[Short text fragments from websites]
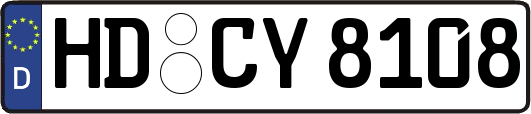 HD-CY8108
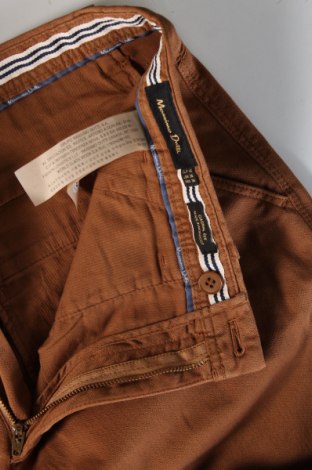 Pantaloni de bărbați Massimo Dutti, Mărime XL, Culoare Maro, Preț 174,11 Lei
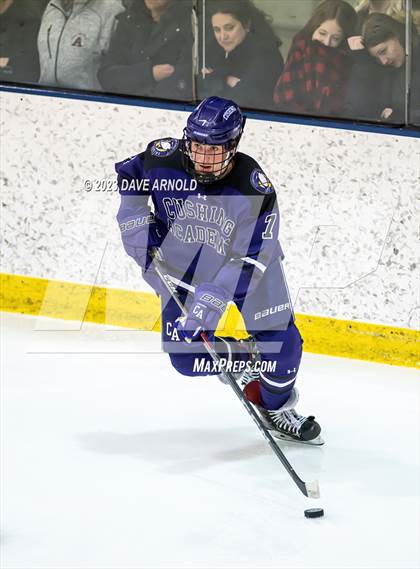 Thumbnail 3 in Avon Old Farms vs. Cushing Academy (NEPSAC Elite 8 Final) photogallery.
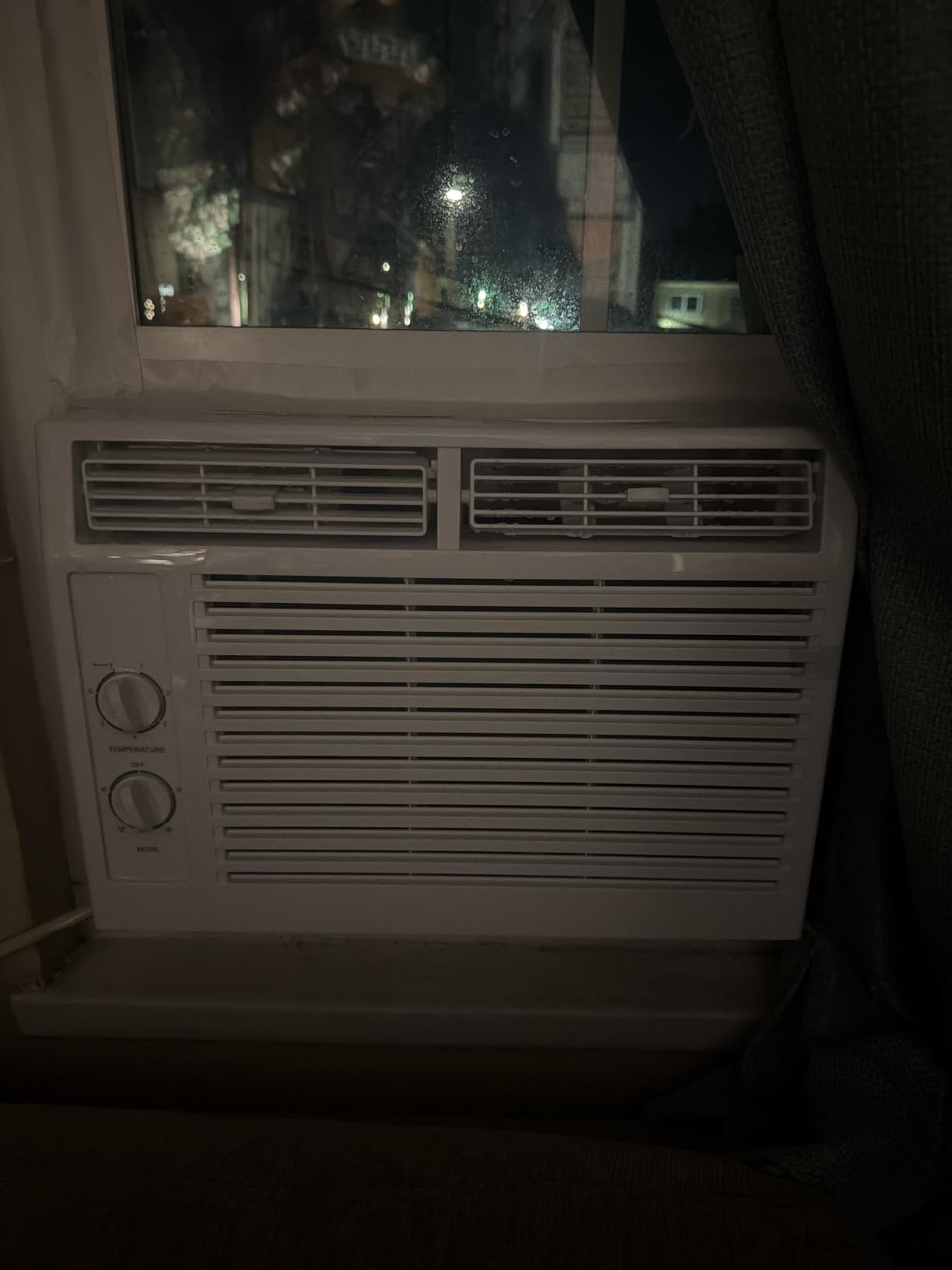 Electactic 5000 Btu Window Air Conditioner, AC Window Unit Up to 150 Sq.Ft, 2 Cooling & Fan Speeds,51DB Ultra-Quiet, Mechanical Controls, Air Conditioner for Bedroom, Apartment, Office customer photo 2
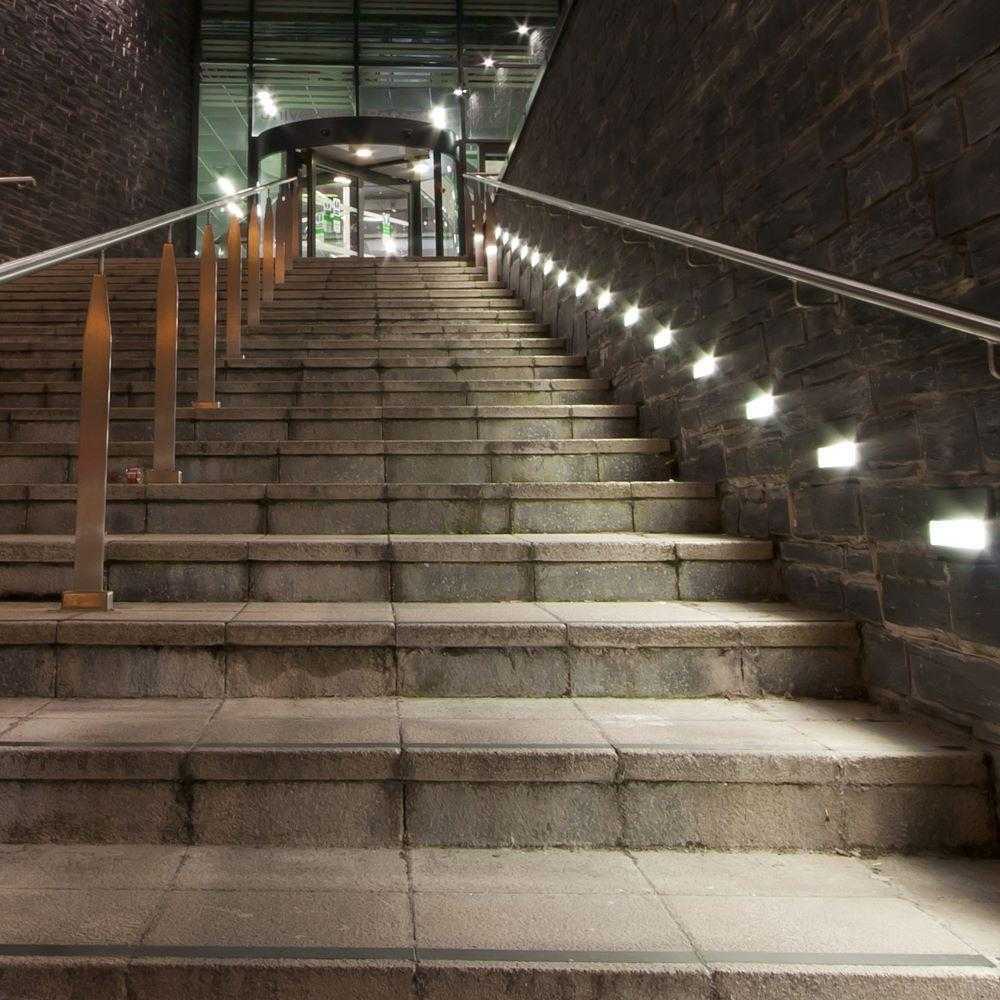 V-tac 3W LED paviršinis šviestuvas, baltas, 4000K, IP65
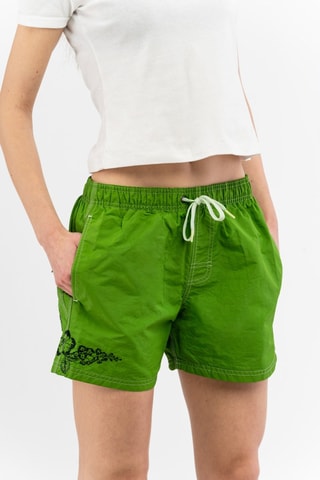 Short de bain - Vert
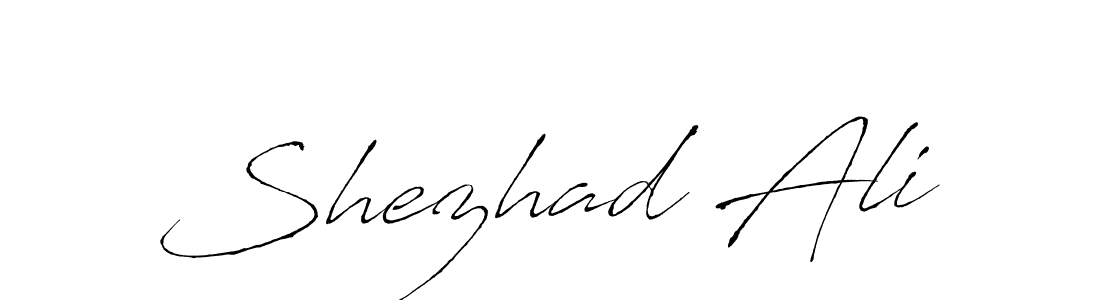 Once you've used our free online signature maker to create your best signature Antro_Vectra style, it's time to enjoy all of the benefits that Shezhad Ali name signing documents. Shezhad Ali signature style 6 images and pictures png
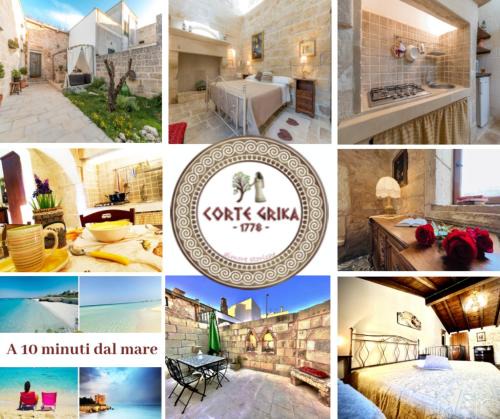 Martano Apartment | Corte Grika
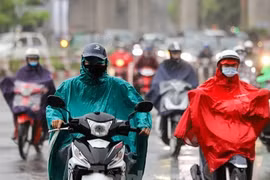 Dự báo thời tiết ngày 21/6: Bắc Bộ tiếp tục mưa to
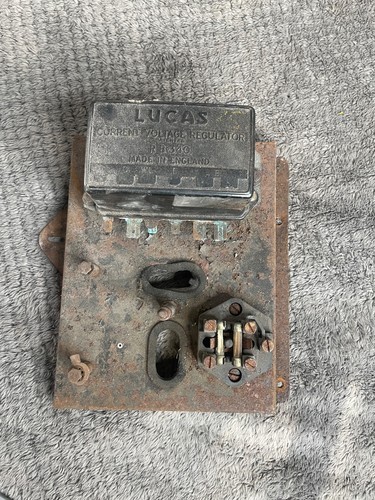 Lucas rb340 current voltage - lucas,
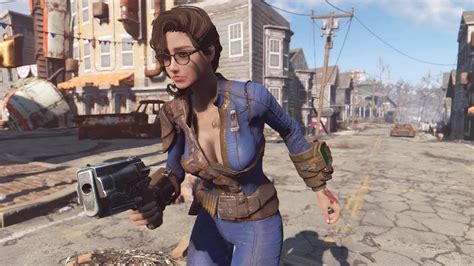 Fusion Girl Unzipped Vault Suit Replacer at Fallout 4 Nexus - Mods and ...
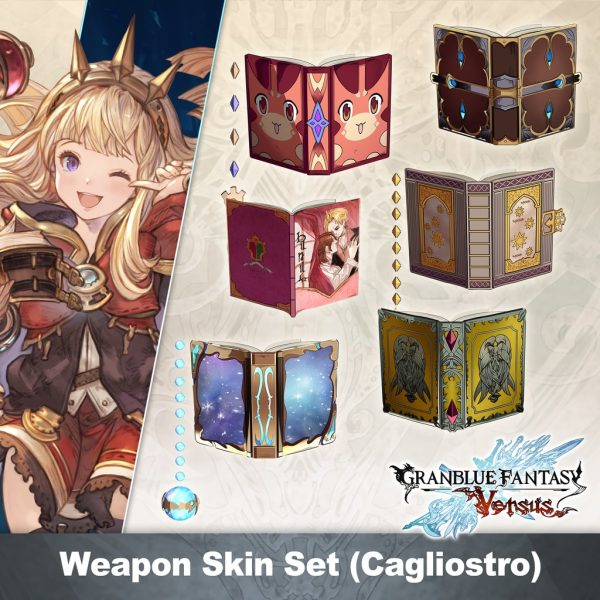 GBVS Weapon Skin Set (Cagliostro) [PS4]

→ WHAT YOU SHOULD DO:
Every record above should be transcribed exactly; the pictures stay out of the copy.

→ EXERCISE OUTPUT:
 HD-CY8108
 Pantaloni de bărbați Massimo Dutti, Mărime XL, Culoare Maro, Preț 174,11 Lei
 Thumbnail 3 in Avon Old Farms vs. Cushing Academy (NEPSAC Elite 8 Final) photogallery.
 Electactic 5000 Btu Window Air Conditioner, AC Window Unit Up to 150 Sq.Ft, 2 Cooling & Fan Speeds,51DB Ultra-Quiet, Mechanical Controls, Air Conditioner for Bedroom, Apartment, Office customer photo 2
 V-tac 3W LED paviršinis šviestuvas, baltas, 4000K, IP65
 Short de bain - Vert
 Once you've used our free online signature maker to create your best signature Antro_Vectra style, it's time to enjoy all of the benefits that Shezhad Ali name signing documents. Shezhad Ali signature style 6 images and pictures png
 Martano Apartment | Corte Grika
 Dự báo thời tiết ngày 21/6: Bắc Bộ tiếp tục mưa to
 Lucas rb340 current voltage - lucas,
 Fusion Girl Unzipped Vault Suit Replacer at Fallout 4 Nexus - Mods and ...
 GBVS Weapon Skin Set (Cagliostro) [PS4]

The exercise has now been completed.